Hal ini disampaikan Said untuk menjawab pertanyaan yang berkaitan dengan daerah-daerah di mana calon kepala daerah dan wakil kepala daerah yang diusung oleh PDIP dianggap bersaing dengan calon dari Koalisi Indonesia Maju (KIM).
“Kita harus melihat bahwa kerja sama politik dalam pilkada harus kita maknai sebagai kontestasi demokratis, bukan sebuah permusuhan politik. Cara pandang ini harus jelas terlebih dahulu,” kata Said seperti dilansir dari laman republika, Senin (23/9).
Menurutnya, Pilkada adalah jalur demokratis dan konstitusional untuk memilih pemimpin daerah. Setelah Pilkada berakhir, pihak-pihak yang sebelumnya bersaing seharusnya dapat bersatu kembali dan bekerja sama untuk membangun daerah sesuai peran masing-masing.
Dia juga menilai bahwa terbentuknya kerja sama politik dalam Pilkada di beberapa daerah oleh KIM, atau bahkan KIM Plus, harus dilihat dalam konteks politik pasca-Pilpres dan sebelum munculnya Putusan MK Nomor 60 pada 20 Agustus 2024.
“Saat itu ada keinginan dari beberapa elit politik untuk mencapai kesuksesan pada Pemilu dalam Pilkada. Namun setelah munculnya Putusan MK No. 60 tahun 2024, dan munculnya beberapa calon kepala daerah, peta politik telah berubah,” ujarnya.
Said memberikan contoh pemilihan gubernur Jakarta di mana rencana awal untuk menggantikan Ridwan Kamil dari Jawa Barat ke Jakarta, dengan tujuan menghadapi Anies Baswedan, berubah dengan munculnya Pramono Anung.
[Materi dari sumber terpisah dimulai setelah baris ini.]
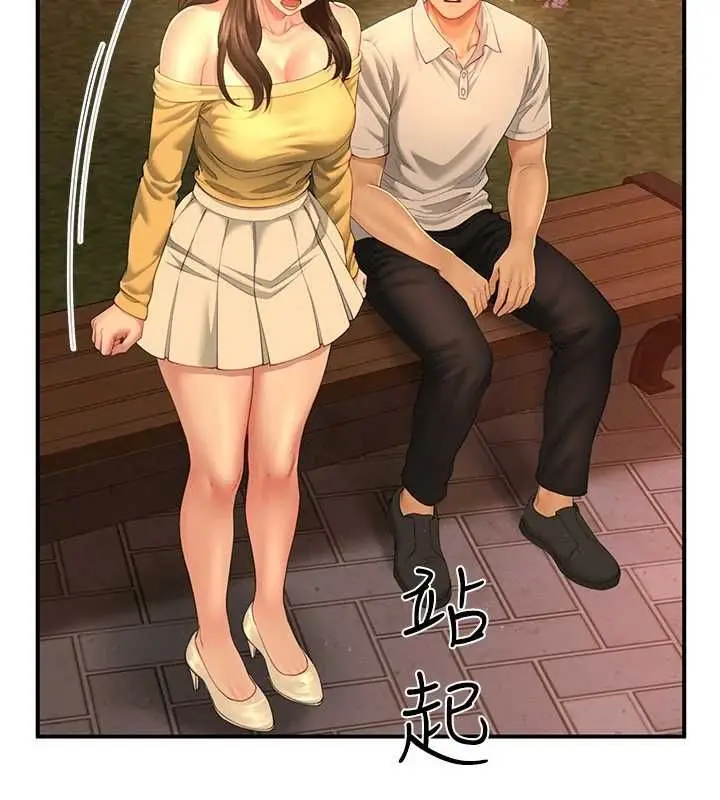 漫画《炮友满屋》第11话第106张图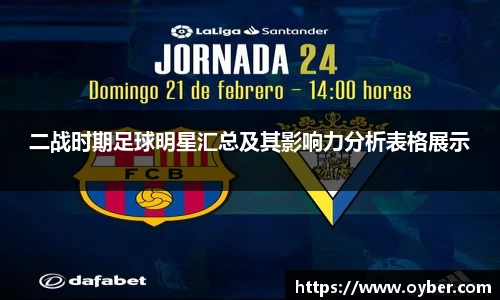 古天乐ok138太阳成集团官网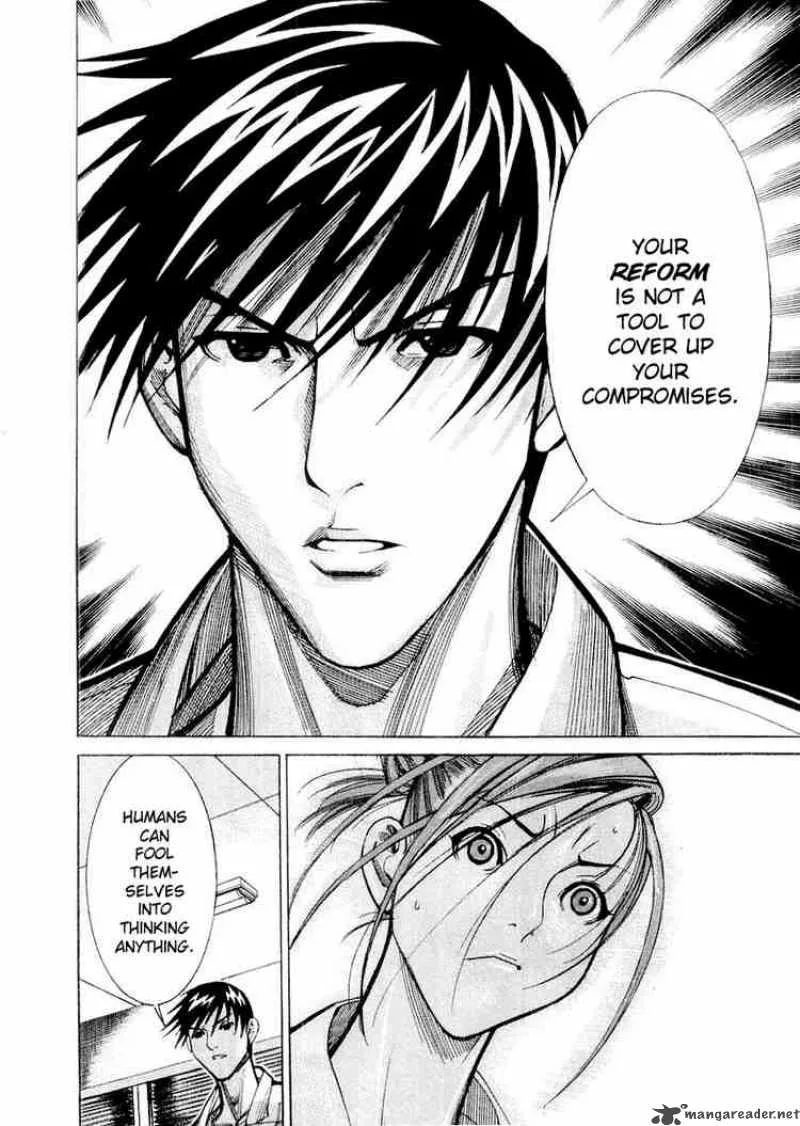 Team Medical Dragon Chapter 26 page 12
“Figur Mas Pram menjadi titik temu antara Pak Jokowi, Pak Prabowo dan Ibu Mega. Fakta politik baru inilah yang harus kita cermati, agar tidak hanya terpaku pada kerjasama politik formalistik,” jelas Said.
Demikian pula dengan munculnya figur Andika Perkasa di Jawa Tengah. Andika pernah menjadi ‘simbol’ karena pernah menjabat pimpinan TNI, sehingga latar belakangnya tidak bisa dianggap remeh.
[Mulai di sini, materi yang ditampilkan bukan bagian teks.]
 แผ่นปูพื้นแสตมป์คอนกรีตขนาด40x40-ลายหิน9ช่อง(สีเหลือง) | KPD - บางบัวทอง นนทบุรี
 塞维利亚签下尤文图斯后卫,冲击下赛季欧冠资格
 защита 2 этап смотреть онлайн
“Situasi ini juga mengubah peta Pilkada di Jawa Tengah. Terlebih lagi Andika juga memiliki hubungan baik dengan Pak Jokowi dan Pak Prabowo. Bahkan Andika pernah menjadi pembantu Pak Jokowi saat menjabat Komandan Paspampres yang menjaga 24 jam Pak Jokowi,” ungkapnya.
Said menekankan bahwa kontestasi Pilkada adalah tentang figur yang ‘dijual’ kepada rakyat, figur yang mencakup prestasi, rekam jejak, kemampuan komunikasi politik dengan pemilih, strategi pemenangan, dukungan logistik, dan jaringan sosial.
“Dalam survei sering muncul fenomena split ticket voting, di mana pendukung partai A bisa saja memilih kandidat dari partai B karena dianggap lebih memenuhi harapan mereka. Faktor split ticket voting dalam Pilkada ini cukup besar,” tambah Said.
“Dengan demikian kita tidak bisa terpaku hanya formalitas kerja sama politik,” tutupnya.